Starting with the line that contains "Used 2012 Honda Accord LX image 17", give again exactly and only each line through the end of the records; include the last line and exclude pictures.
====================
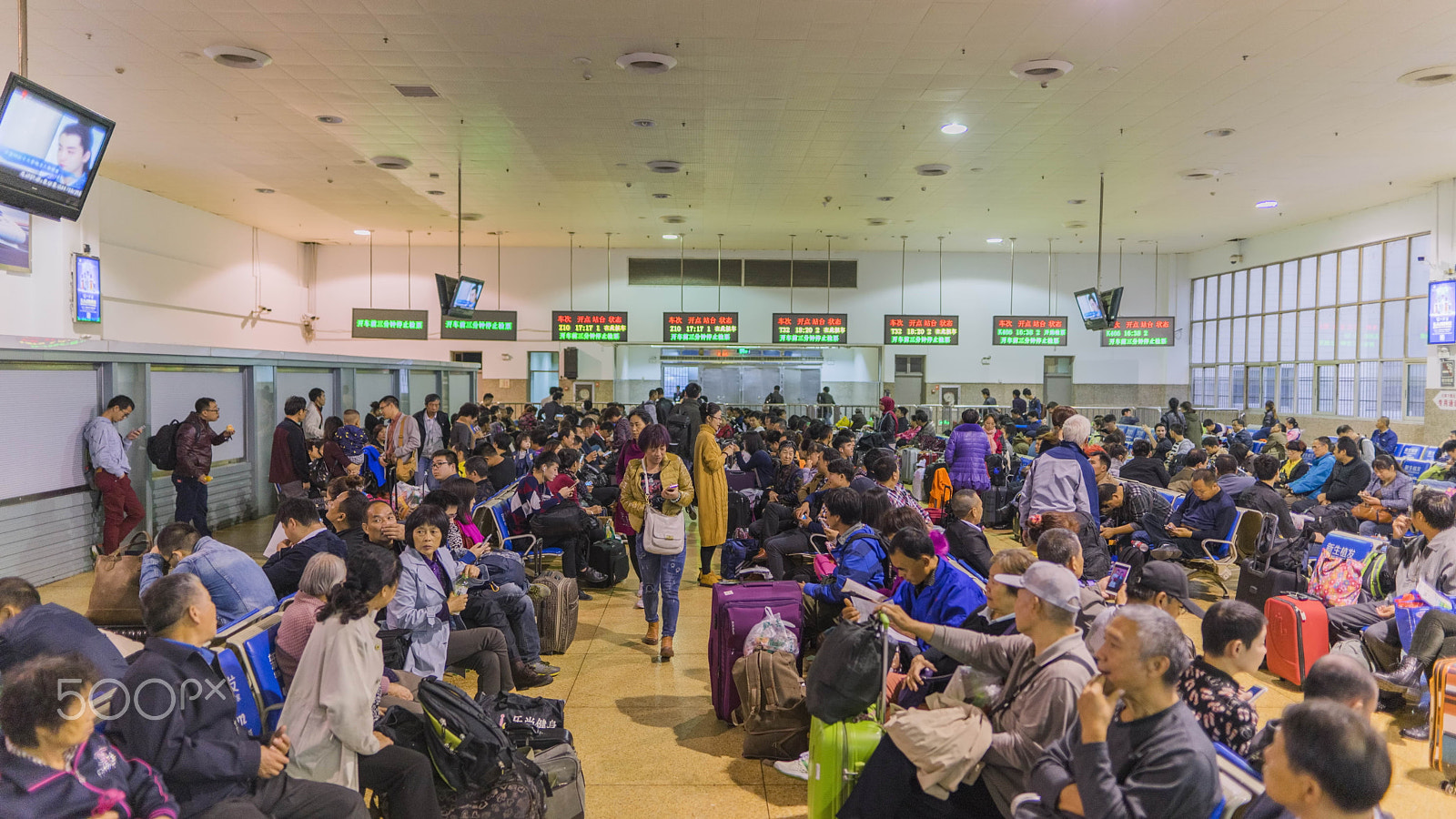 Sigma 24mm F1.4 DG HSM Art sample photo. Hangzhou railway station waiting room photography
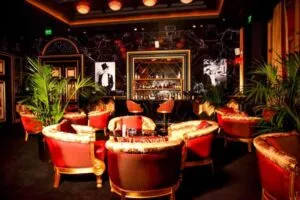 هتل بی پریمیوم بدروم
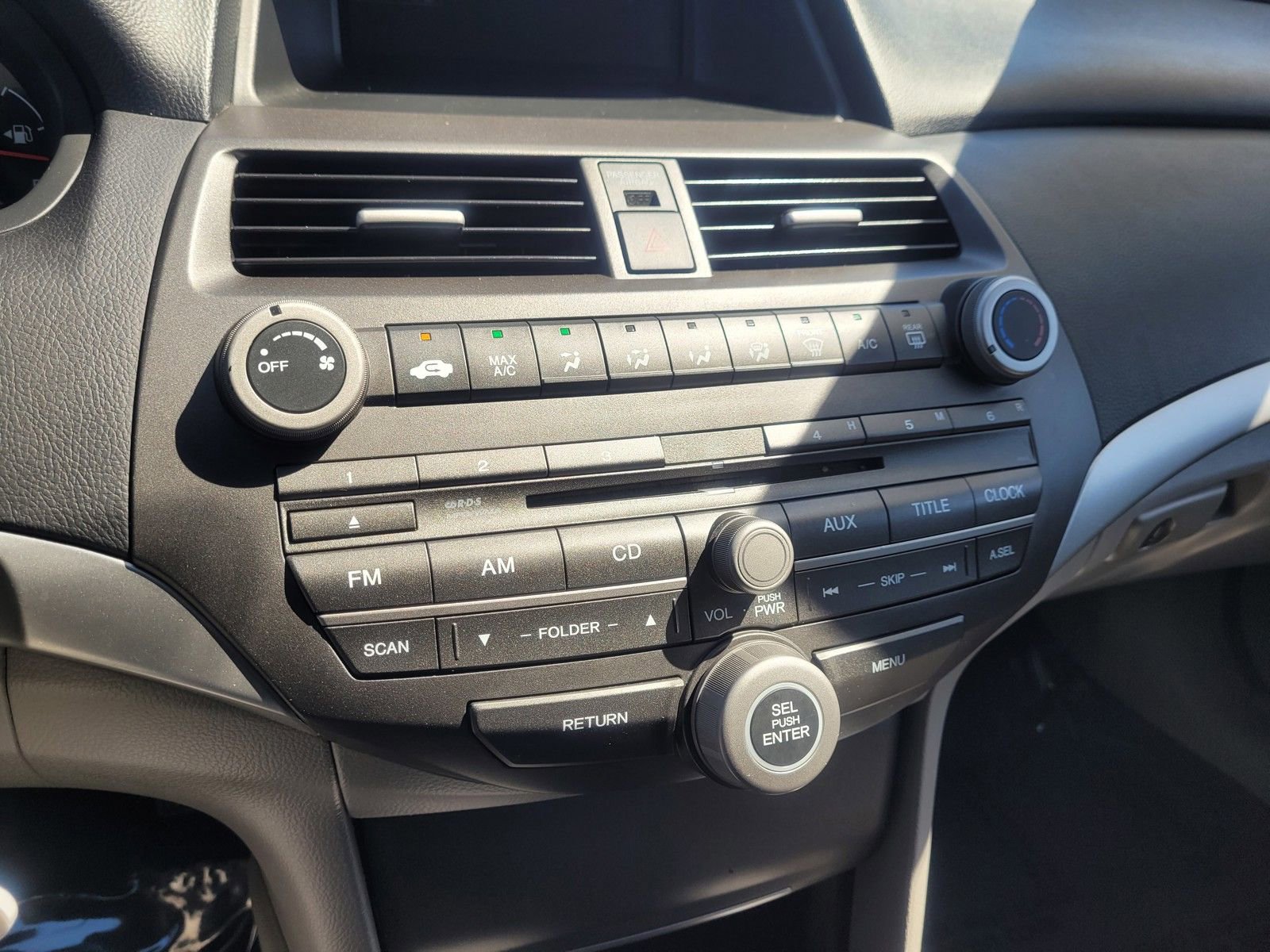 Used 2012 Honda Accord LX image 17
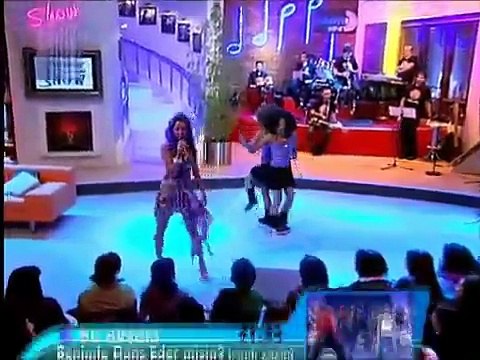 Hadise @ Beyaz Show (Sakin Gitme)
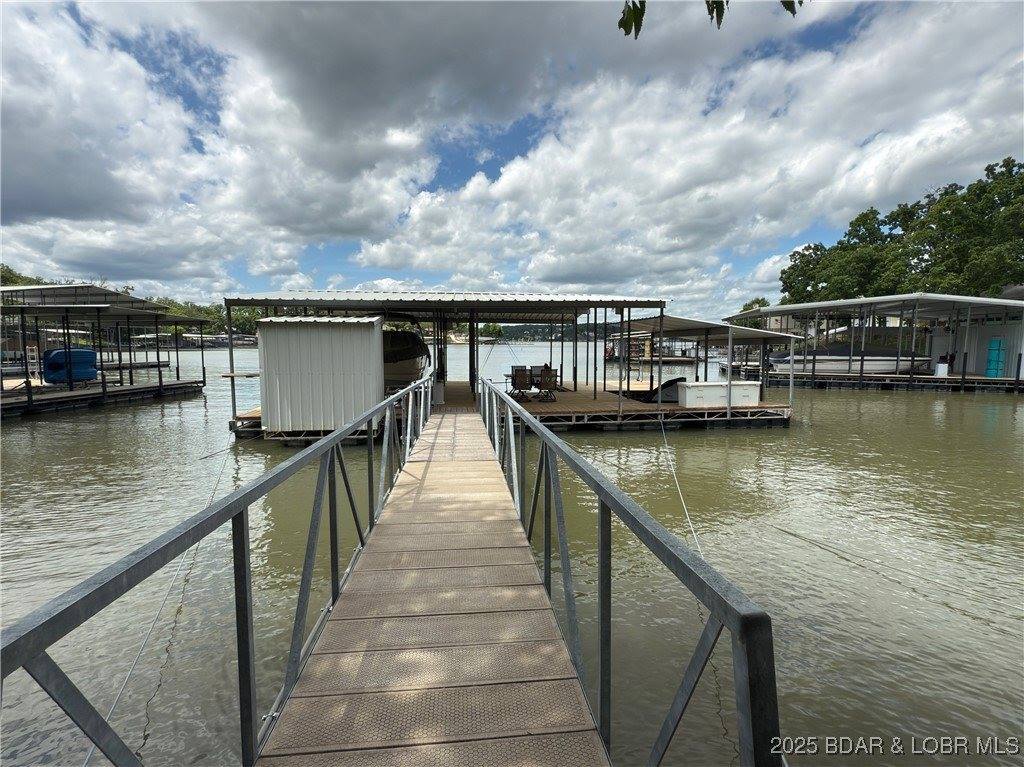 199 Country Oak Drive, Sunrise Beach, MO 65079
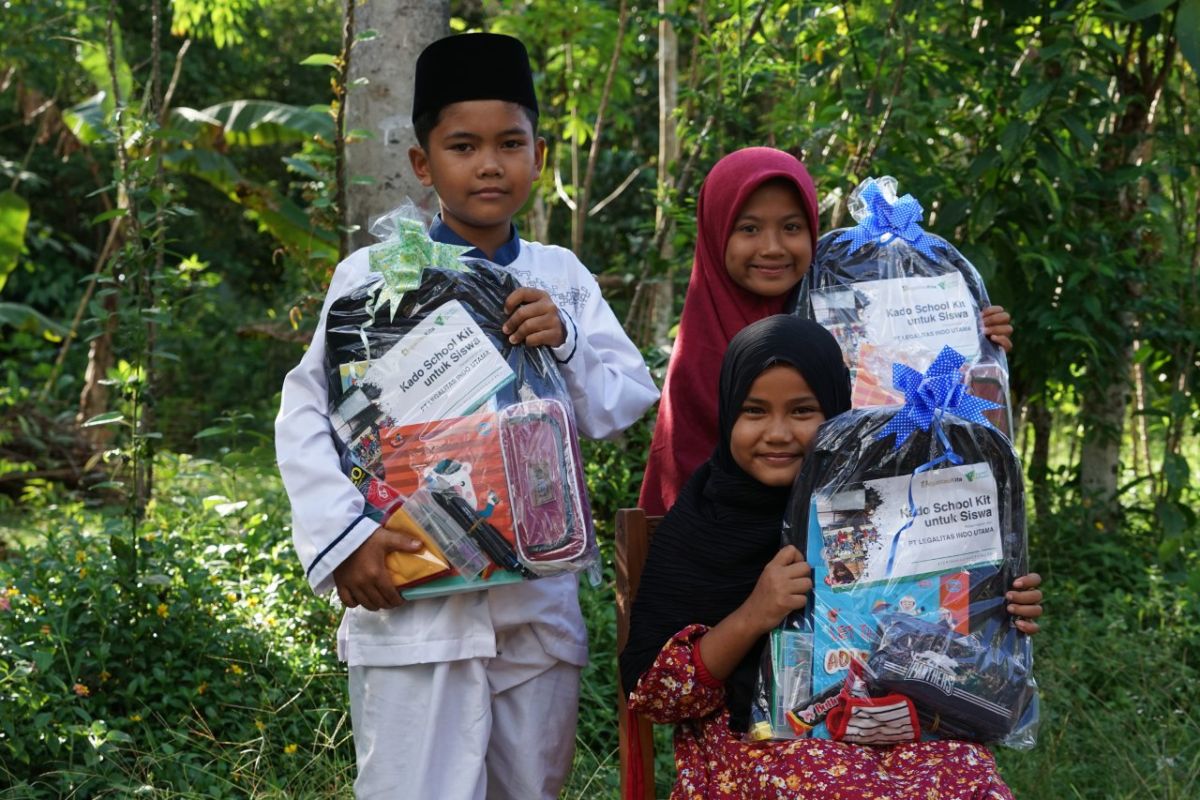 PT Legalitas Indo Utama gandeng Dompet Dhuafa salurkan ratusan "school kit" di Lebak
====================
» RESPONSE TO THE EXERCISE
 Used 2012 Honda Accord LX image 17
 Hadise @ Beyaz Show (Sakin Gitme)
 199 Country Oak Drive, Sunrise Beach, MO 65079
 PT Legalitas Indo Utama gandeng Dompet Dhuafa salurkan ratusan "school kit" di Lebak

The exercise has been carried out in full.